In our elementary schools, as a District, we have embraced the concept of laptops instead of desktops. From a pedagogy point of view, there’s a lot of really good reasons for this approach.
When you had a lab of desktop computers, there are a number of challenges. First, the tables that the computers sit on have often been an interesting collection of furniture that doesn’t fit anywhere else. Even then, when a table is needed elsewhere, these are often prime pickings for a different placement. Then, there’s the ergonomic reason — the same table and chair that would allow a 13 year old is made to accommodate a 5 year old. Have you ever tried to type when your feet can’t touch the floor? From a curriculum point of view, it makes sense to bring the technology to the point of instruction so that it can be used to complement other teaching strategies instead of the other way around. There is no elementary computer curriculum, per se, so this avoids carving a “computer class” into the middle of the other required subjects. Finally, there’s the economics of access. When you build a computer lab for the biggest possible class, that’s great, but there are empty seats for classes that have less than standing room only numbers.
That’s not to say that mobile technology is perfect either. With entire schools being wireless, it’s so nice to be able to take 1, 2, 10, or 30 laptop computers to any location so that they’re used when it’s appropriate in the curriculum. The catch though, is that these things still require electricity in order to run! In a perfect world, the computers are plugged in between use so that they’re fully charged for the next user. As you can imagine, that doesn’t always happen. With some planning and some innovative thinking, it can be made to happen.
But, wouldn’t it be nice to not to have to worry about that?

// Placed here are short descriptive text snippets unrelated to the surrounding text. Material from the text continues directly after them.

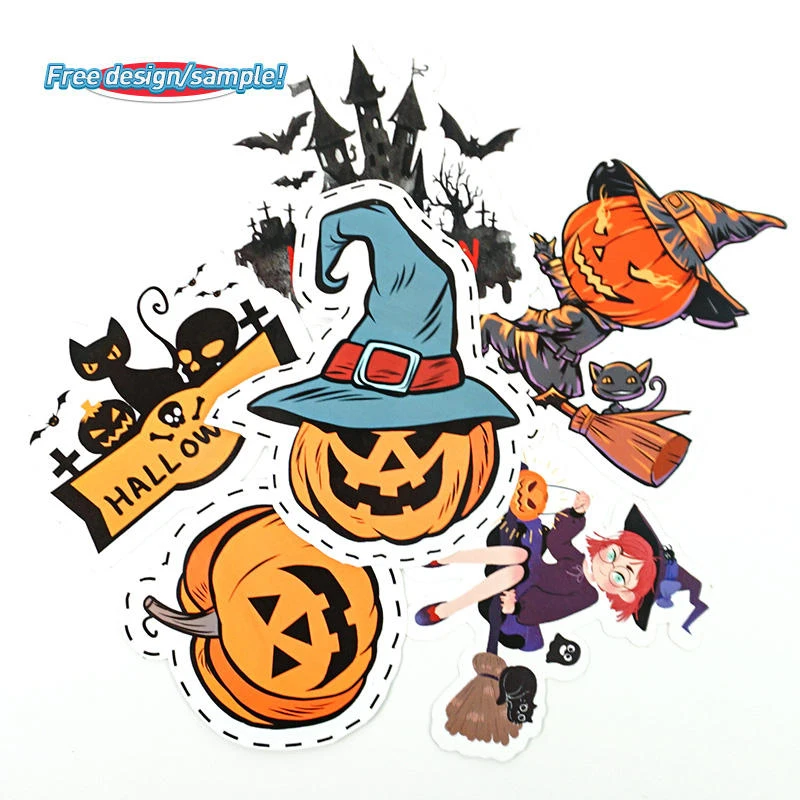Halloween Theme Cute Self-adhesive Vinyl Pumpkin Night Light Ghost Die-cut Stickers Customizable Color Shape HTX Brand Eve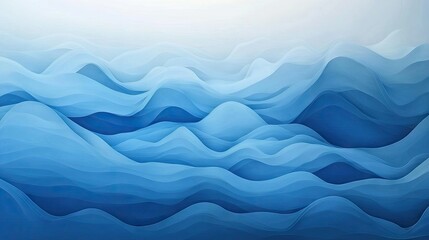 Poster - Minimalist abstract blue waves on a gradient background, with smooth transitions and a sense of depth. Suitable for digital or print media.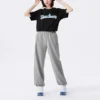Logo Letter Straight Casual Pants “Grey”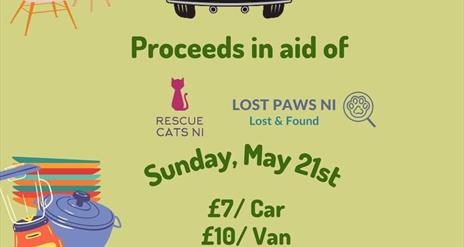 Image is poster advertising a car boot sale at The Little Green Allotments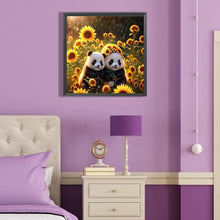 Load image into Gallery viewer, Diamond Painting - Full Round - Panda in the sunflower field (40*40CM)
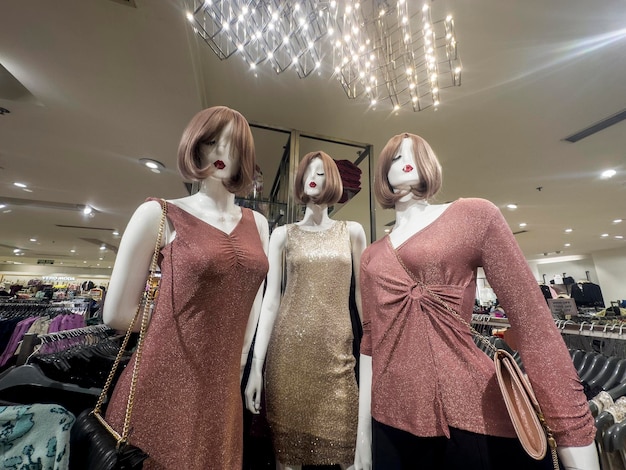 Group of Sexy Mannequin Model with hot cloths in mall Female Body Mannequin images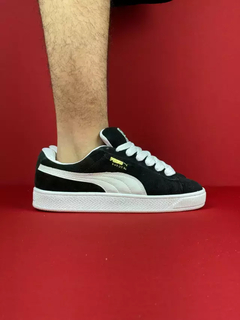 Puma suede preto branco nacional premium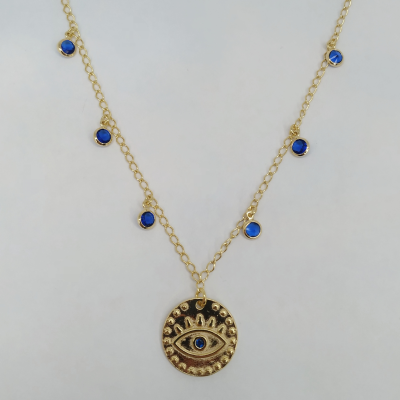 colar medalha olho grego e ponto azul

This morning, there’s some interesting news from Gizmodo. The new Dell Latitude Z series features wireless recharging of batteries. The story was confirmed in this blog entry from Direct2Dell. A quick search of the Dell online store indicates that there is some provision for the Z series but it doesn’t appear to be for sale just yet. From the reading, it appears that this functionality will be on a very high end model. That will prohibit its immediate adoption in the classroom where dollars remain a determining factor.
However, this ground breaking announcement is intriguing. Yes, early adoption will be in models that you pay a great deal of money for. But, as the technology gets better, it typically gets to be more affordable. In a Perfect Classroom, wouldn’t it be nice to be envision laptops that are charged without the step of plugging them into chargers?
There’s got to be an engineer out there looking at this type of solution. It seems to be a perfect match for education.